In the morning having stepped outside to check on things you go to the kitchen, boil water while you grind the coffee, and when the whistle blows put the coffee and hot water into the coffee squasher (aka French press), stir it around and wait three minutes, stir again, top off the water, squash and then pour a nice cup of coffee, which you take outside to enjoy in the cool morning while listening to the birds shout. Because the diurnal variation in temperature is usually 20 decrees and not uncommonly 30 degrees, mornings are pleasant even in mid summer, which can run into September.

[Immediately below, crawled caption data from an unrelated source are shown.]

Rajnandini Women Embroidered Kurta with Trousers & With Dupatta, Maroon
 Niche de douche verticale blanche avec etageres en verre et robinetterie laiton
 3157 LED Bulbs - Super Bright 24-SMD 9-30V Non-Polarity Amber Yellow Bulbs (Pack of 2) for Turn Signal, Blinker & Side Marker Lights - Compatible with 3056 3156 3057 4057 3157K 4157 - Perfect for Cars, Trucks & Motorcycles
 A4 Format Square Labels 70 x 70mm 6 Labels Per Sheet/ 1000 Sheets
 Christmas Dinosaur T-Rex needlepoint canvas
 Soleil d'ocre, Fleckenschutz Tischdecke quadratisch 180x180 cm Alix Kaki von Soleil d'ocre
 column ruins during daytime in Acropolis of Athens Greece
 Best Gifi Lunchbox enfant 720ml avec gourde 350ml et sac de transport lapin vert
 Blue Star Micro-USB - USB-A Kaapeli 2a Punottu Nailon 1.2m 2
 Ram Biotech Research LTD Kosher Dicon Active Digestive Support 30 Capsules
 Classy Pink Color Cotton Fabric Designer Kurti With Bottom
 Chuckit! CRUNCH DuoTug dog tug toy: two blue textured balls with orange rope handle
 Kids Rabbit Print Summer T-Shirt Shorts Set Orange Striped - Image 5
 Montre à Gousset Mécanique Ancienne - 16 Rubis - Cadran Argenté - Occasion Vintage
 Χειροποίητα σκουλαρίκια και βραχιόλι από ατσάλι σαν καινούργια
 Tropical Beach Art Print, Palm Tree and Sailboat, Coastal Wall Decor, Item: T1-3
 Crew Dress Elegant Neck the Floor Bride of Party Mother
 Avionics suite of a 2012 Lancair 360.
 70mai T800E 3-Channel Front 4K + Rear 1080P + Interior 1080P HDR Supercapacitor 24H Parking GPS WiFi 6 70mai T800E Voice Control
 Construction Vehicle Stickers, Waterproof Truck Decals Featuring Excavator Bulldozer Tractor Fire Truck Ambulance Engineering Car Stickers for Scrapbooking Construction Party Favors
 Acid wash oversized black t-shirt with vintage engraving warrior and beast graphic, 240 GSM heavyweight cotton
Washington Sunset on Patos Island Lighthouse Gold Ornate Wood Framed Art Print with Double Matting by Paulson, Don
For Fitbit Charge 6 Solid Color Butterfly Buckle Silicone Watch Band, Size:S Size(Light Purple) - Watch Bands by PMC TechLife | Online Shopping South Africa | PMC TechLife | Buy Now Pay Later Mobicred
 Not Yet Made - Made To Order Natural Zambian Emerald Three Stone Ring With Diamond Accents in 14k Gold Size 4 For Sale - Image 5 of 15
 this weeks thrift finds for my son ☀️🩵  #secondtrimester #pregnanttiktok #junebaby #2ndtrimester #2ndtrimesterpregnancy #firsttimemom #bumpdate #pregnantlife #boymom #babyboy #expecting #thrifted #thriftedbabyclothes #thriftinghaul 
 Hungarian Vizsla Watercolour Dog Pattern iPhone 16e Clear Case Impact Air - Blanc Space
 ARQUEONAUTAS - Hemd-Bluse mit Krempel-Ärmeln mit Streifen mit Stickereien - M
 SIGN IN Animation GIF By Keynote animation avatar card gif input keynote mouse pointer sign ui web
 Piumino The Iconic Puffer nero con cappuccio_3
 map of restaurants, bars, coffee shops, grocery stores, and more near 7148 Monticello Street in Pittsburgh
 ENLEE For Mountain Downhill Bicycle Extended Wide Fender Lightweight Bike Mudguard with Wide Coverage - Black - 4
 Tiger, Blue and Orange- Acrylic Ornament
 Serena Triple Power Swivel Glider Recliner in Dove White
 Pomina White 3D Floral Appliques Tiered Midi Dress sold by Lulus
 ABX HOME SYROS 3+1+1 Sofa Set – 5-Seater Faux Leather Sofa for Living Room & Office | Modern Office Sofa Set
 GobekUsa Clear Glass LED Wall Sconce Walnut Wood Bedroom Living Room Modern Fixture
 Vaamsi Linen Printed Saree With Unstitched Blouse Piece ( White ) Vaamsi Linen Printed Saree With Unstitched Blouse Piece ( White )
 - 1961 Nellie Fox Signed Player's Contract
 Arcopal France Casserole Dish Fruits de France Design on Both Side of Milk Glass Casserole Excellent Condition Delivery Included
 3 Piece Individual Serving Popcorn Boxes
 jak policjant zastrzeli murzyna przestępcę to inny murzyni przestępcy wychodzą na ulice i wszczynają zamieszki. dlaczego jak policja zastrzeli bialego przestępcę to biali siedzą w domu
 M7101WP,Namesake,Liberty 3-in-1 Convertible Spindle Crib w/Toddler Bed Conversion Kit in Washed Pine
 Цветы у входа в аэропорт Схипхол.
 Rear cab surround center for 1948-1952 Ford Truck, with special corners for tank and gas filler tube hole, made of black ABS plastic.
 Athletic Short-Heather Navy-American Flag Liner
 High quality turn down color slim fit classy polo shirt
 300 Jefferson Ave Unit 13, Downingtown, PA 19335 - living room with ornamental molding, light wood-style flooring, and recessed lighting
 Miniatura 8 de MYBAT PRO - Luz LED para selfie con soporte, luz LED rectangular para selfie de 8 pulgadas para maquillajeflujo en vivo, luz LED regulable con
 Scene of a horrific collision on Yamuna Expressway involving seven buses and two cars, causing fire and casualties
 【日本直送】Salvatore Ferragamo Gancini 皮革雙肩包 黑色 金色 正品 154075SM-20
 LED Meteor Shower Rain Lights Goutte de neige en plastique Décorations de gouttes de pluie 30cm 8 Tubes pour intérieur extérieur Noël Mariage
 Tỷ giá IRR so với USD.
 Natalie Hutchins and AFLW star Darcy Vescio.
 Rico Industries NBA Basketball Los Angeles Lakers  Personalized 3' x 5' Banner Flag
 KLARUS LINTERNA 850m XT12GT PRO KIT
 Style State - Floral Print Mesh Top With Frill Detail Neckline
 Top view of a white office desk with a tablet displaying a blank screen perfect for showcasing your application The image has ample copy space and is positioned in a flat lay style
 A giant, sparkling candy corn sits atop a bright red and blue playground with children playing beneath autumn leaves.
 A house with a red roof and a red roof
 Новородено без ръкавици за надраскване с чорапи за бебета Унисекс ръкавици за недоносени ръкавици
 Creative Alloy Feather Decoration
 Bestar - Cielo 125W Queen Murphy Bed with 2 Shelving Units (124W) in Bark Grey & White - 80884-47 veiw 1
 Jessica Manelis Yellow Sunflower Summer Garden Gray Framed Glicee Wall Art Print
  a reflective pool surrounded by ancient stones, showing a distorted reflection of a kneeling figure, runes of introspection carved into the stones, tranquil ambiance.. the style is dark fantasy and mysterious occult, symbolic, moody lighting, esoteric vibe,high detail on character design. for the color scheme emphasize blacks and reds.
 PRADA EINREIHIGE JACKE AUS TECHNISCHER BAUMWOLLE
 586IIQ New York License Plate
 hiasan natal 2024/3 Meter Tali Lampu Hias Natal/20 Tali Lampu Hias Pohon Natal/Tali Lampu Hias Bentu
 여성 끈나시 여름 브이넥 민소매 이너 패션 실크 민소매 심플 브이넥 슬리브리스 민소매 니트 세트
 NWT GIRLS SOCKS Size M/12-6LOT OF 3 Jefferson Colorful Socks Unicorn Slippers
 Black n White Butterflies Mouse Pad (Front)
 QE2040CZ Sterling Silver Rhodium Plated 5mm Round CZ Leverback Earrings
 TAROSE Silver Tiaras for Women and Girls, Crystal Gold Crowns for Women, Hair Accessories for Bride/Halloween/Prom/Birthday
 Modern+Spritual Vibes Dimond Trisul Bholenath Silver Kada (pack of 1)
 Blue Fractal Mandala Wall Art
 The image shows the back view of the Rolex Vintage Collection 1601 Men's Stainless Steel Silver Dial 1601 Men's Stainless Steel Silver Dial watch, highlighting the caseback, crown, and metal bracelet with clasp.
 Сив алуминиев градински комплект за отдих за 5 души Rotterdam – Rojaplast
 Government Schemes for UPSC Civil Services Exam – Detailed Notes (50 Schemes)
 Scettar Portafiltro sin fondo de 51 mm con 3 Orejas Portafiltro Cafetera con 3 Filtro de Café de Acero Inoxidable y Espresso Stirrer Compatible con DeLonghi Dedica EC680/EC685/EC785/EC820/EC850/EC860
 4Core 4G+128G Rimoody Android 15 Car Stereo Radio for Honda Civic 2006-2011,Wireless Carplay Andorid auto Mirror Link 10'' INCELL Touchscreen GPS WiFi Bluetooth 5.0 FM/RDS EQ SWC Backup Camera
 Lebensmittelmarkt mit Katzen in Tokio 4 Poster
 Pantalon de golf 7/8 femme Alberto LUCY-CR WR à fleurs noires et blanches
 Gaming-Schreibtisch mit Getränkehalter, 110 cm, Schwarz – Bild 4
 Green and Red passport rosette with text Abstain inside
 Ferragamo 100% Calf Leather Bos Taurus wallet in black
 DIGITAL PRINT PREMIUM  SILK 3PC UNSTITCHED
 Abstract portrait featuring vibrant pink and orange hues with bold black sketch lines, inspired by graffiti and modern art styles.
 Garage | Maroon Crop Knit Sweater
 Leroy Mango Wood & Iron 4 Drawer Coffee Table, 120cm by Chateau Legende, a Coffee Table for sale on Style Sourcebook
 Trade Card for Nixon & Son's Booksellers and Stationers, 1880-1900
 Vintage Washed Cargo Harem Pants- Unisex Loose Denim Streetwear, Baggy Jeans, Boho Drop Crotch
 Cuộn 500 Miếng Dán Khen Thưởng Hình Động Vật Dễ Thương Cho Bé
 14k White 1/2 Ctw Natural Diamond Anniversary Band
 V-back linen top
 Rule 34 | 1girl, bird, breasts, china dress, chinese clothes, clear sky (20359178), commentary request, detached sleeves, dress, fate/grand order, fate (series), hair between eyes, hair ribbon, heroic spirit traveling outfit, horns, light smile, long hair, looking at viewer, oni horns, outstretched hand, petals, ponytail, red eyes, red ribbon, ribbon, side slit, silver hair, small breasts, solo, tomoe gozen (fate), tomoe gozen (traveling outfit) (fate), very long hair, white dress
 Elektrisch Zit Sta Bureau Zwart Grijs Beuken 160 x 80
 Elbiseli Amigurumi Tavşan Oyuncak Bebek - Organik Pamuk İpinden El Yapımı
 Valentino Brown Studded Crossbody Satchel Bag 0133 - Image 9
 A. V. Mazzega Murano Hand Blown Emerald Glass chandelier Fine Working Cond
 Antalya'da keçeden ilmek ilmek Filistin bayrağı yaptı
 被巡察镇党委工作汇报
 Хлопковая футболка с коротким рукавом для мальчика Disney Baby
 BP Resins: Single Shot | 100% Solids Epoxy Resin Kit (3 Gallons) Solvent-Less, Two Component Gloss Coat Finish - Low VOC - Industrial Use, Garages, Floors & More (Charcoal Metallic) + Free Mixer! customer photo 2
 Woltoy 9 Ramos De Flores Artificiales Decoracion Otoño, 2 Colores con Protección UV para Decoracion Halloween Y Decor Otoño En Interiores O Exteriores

I used to perk coffee. It has a scorched taste. For many years I boiled it. That is I combined coffee and water in a pan and stirred over a moderate heat bringing it just to a boil. The squasher is easier.

Regards,
Gurdon


----------



## Howard (Dec 7, 2004)

NYC can vary with the temperatures,just lately we've had 12 degrees with 8 inches of snow and a few days later,It was all gone as temperatures rose up to 70 so it's like you don't whether to wear a heavy jacket or short sleeve shirt.


----------



## welldressedfellow (May 28, 2008)

JCV got _served_!



Mad Hatter said:


> I couldn't help noticing this post of yours. Gonna take some carbon offsets to make up for those fluffy shirts.


----------



## Howard (Dec 7, 2004)

Just got to make sure the temperature is right,always listen to the weather forecast the day before.


----------